On December 3, the Parliamentary Committee on Migration and Displacement announced a new wave of displacement as civilians from Anbar province are migrating to Baghdad and the Kurdistan Region of Iraq (KRI). Committee Member Liqa Wardi claimed, “the number of IDP families registered with the Ministry of Displacement and Migration amounted to 380,000, there are other families not registered.” According to Wadi, “the Finance Committee called for the allocation of 3 trillion dinars for the displaced” and for the Ministry of Migration and Displacement, which is suffering from a lack of staffing.

On December 5, Badi al-Kheon, Mayor of the al-Jibayish district, confirmed that 135 families were displaced due to drought and poor water resources in Dhi Qar. The mayor stressed that the Ministry of Water Resources is responsible for the water crisis, “poor water management by the ministry was one of the main reasons to aggravate the suffering of the population of the marshes.” al-Kheon is calling on the Moqtada al-Sadr to put pressure on Minister of Water Resources Mohsen al-Shammari to help the province.

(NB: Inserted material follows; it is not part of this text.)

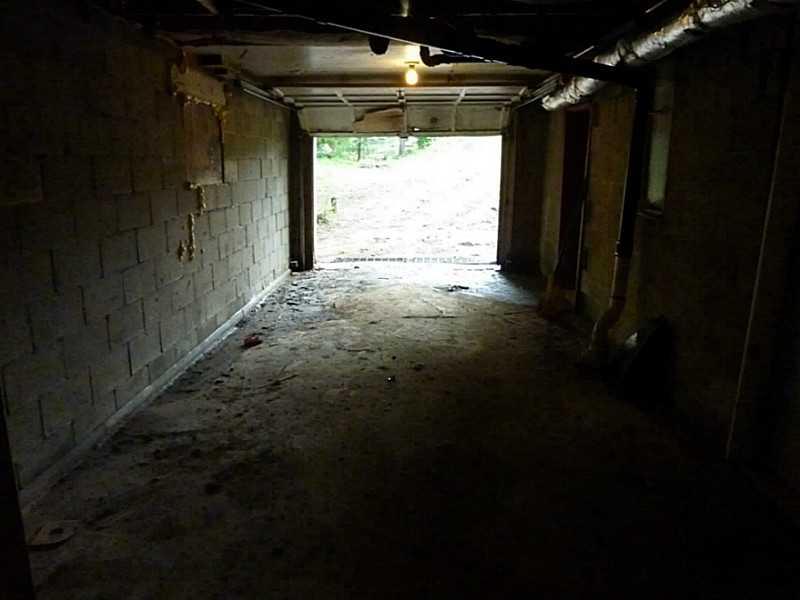 958 Cliff Mine Road Coraopolis, PA 15108 - Photo 22 of 25 Parking Lot/Garage.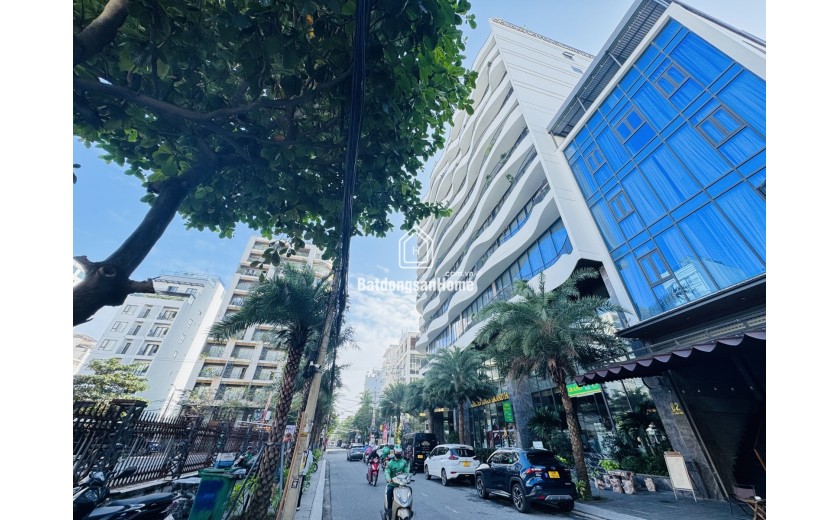 Bán nhà mặt tiền Lê Quang Đạo 345m2 khu phố Tây An Thượng gần biển Mỹ Khê, giá 135 tỷ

On December 4, the Municipal Council in Khanaqin stated that it is addressing 90% of the repercussions of the IDP crisis, without government support. President of the Council of Khanaqin Samir Mohammed Noor confirmed, “the number of displaced people in the judiciary exceeded 50% of the number of indigenous people.” Khanaqin has received tens of thousands of displaced people after the June events in Diyala.

On December 5, Member of Parliament Khaled Mafraji stated that the Ministry of Migration and Displacement will “allocate part of [its] budget to the University of Kirkuk” in support of displaced students.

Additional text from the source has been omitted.